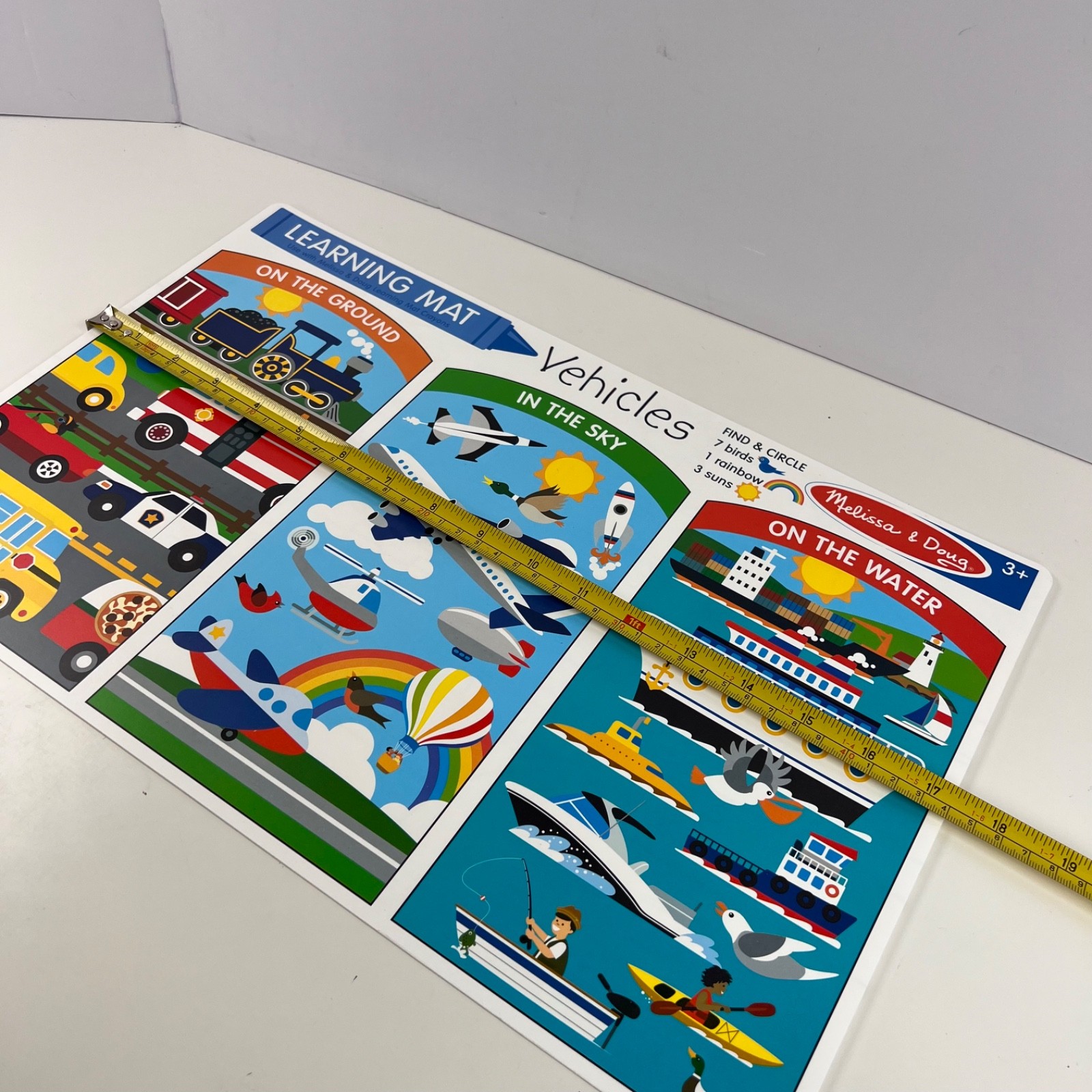 Melissa & Doug Learning Mat Vehicles Reusable Dry-Erase Activity Mat 3+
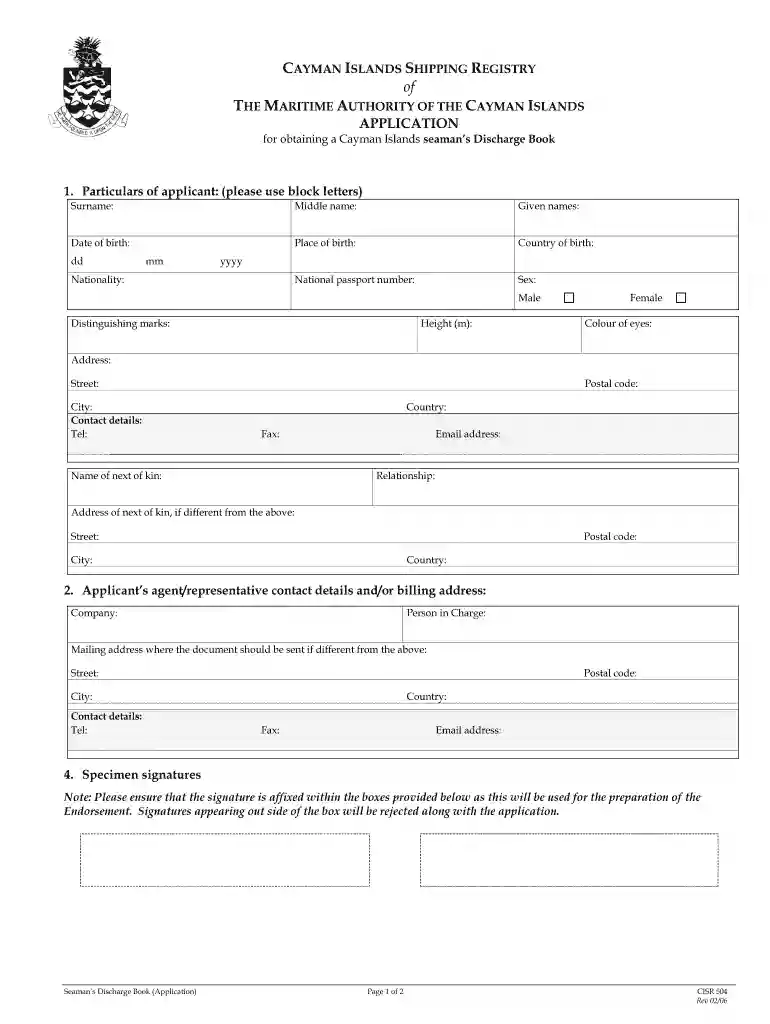 cayman islands discharge book application Preview on Page 1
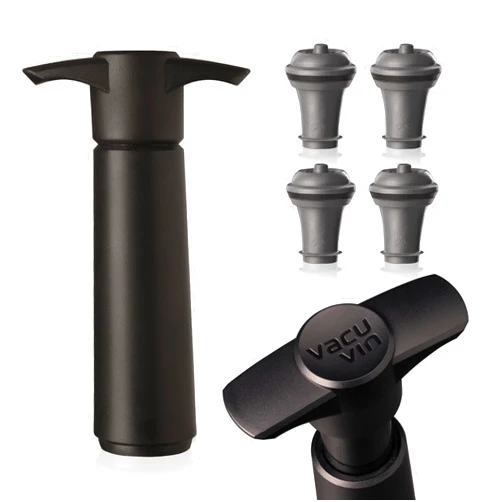 Vacu Vin Wine Saver Pump Black with Vacuum Wine Stopper - Keep Your Wine Fresh for up to 10 Days - 1 Pump 4 Stoppers - Reusable - Made in the Netherlands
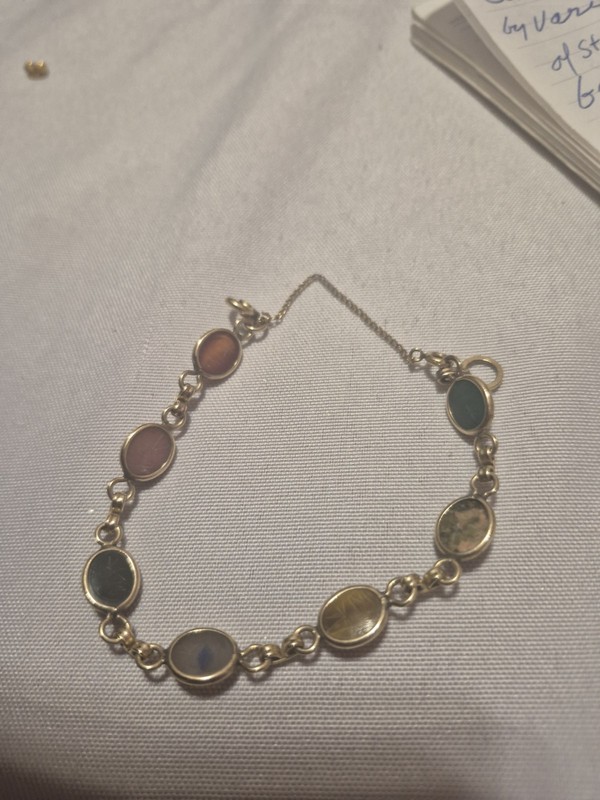 Vintage Multi Gemstone Scarb Braclet  120 12 K GF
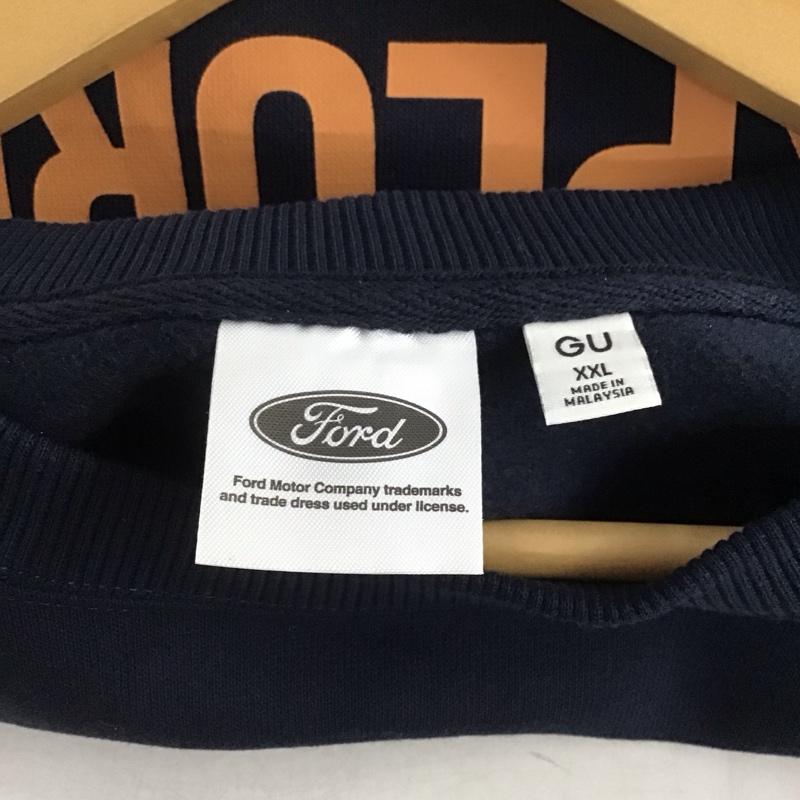 ジーユー GU トレーナー 長袖 341-358140 フォードエクスプローラースウェットプルオーバー XXL プリント 紺 / ネイビー /  メンズ USED 古着 中古 10146196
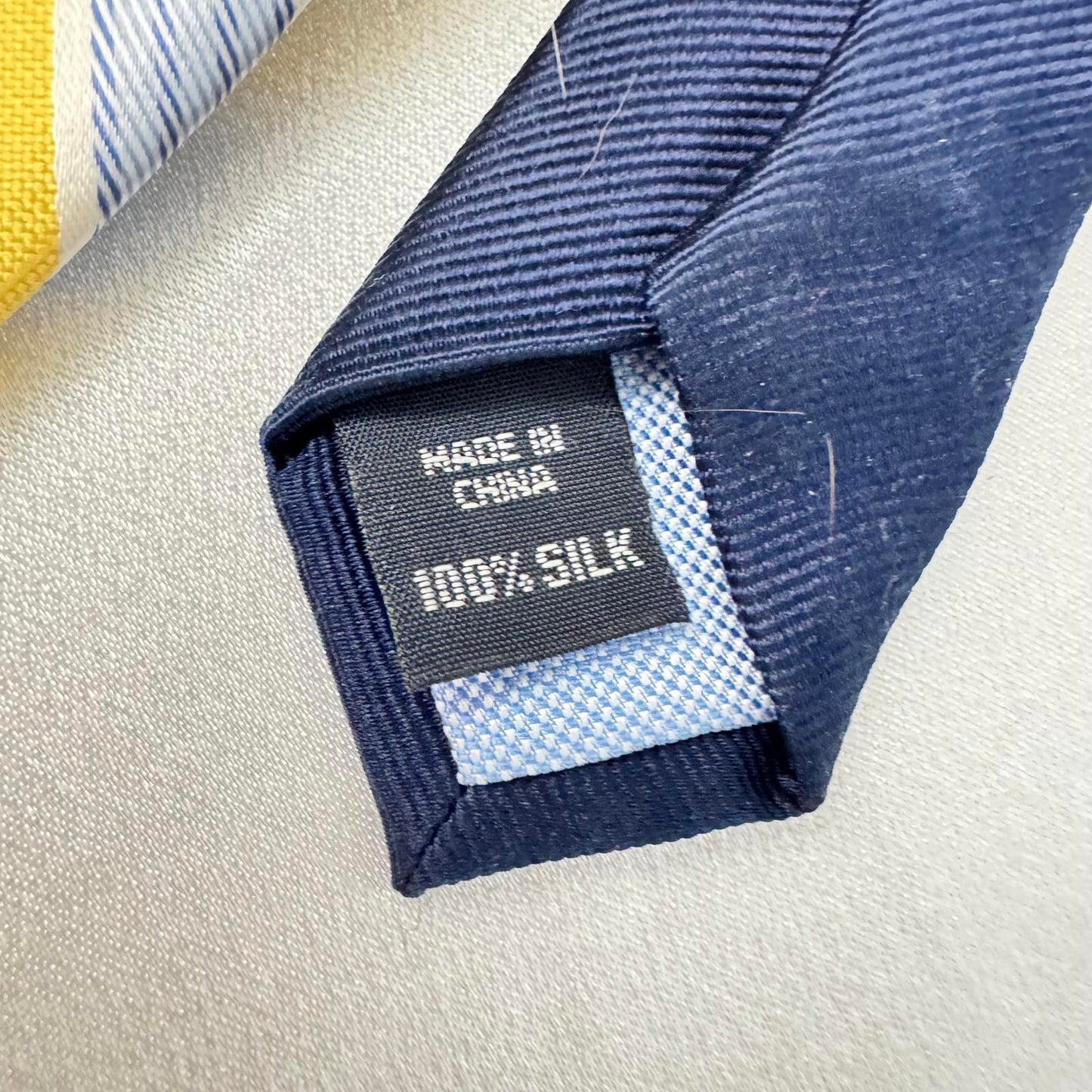 Tommy Hilfiger Striped Silk Tie - Yellow & Blue 100% Silk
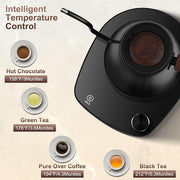 Gooseneck Electric Kettle, Intelligent Temperature Control, Stainless Steel Inner, Quick Heating, for Pour Over Coffee, Brew Tea, Boil Hot Water, 1000W 0.9L Black
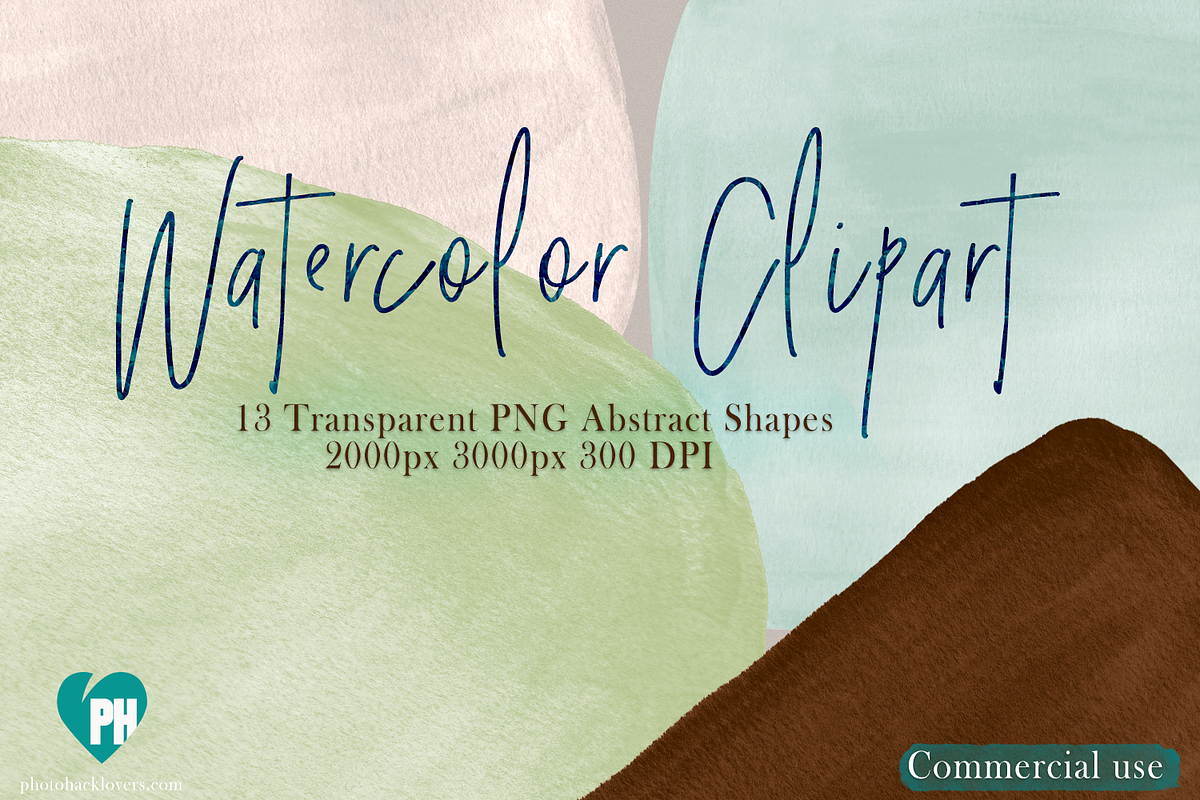 Watercolor Shapes Clipart Vol 3, a Shape Add-On by Photohacklovers (Photo 2 of 7)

=== WHAT THE TASK ASKS ===
Pictures stay out; everything else in the listing above gets restated word for word.

=== COMPLETED EXERCISE ===
 Melissa & Doug Learning Mat Vehicles Reusable Dry-Erase Activity Mat 3+
 cayman islands discharge book application Preview on Page 1
 Vacu Vin Wine Saver Pump Black with Vacuum Wine Stopper - Keep Your Wine Fresh for up to 10 Days - 1 Pump 4 Stoppers - Reusable - Made in the Netherlands
 Vintage Multi Gemstone Scarb Braclet  120 12 K GF
 ジーユー GU トレーナー 長袖 341-358140 フォードエクスプローラースウェットプルオーバー XXL プリント 紺 / ネイビー /  メンズ USED 古着 中古 10146196
 Tommy Hilfiger Striped Silk Tie - Yellow & Blue 100% Silk
 Gooseneck Electric Kettle, Intelligent Temperature Control, Stainless Steel Inner, Quick Heating, for Pour Over Coffee, Brew Tea, Boil Hot Water, 1000W 0.9L Black
 Watercolor Shapes Clipart Vol 3, a Shape Add-On by Photohacklovers (Photo 2 of 7)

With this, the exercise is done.